- Exercise: Starting at the line below with "прущие грибы Армянск" and stopping at the line with "Rough Collie dogs", please print each line exactly, those two included, and skip every picture.

- The data:
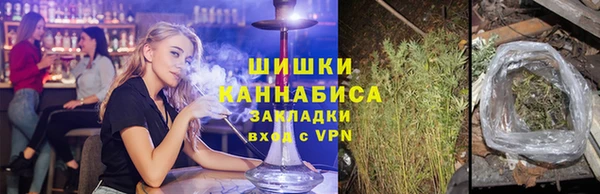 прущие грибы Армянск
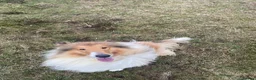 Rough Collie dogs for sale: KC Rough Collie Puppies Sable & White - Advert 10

==

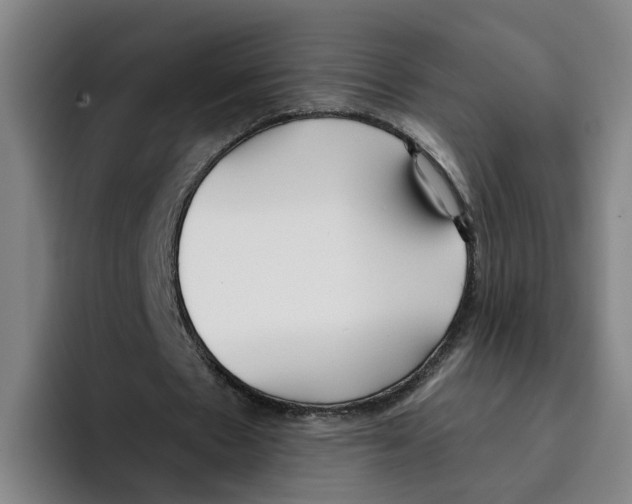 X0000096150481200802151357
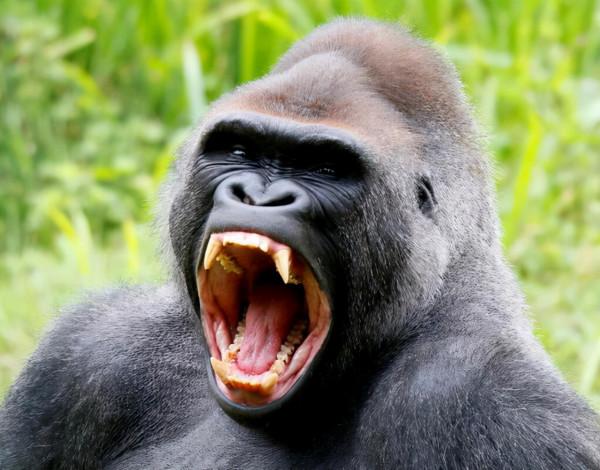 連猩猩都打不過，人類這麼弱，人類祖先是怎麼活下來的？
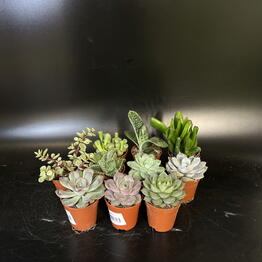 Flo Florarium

- Exercise solution:
 прущие грибы Армянск
 Rough Collie dogs for sale: KC Rough Collie Puppies Sable & White - Advert 10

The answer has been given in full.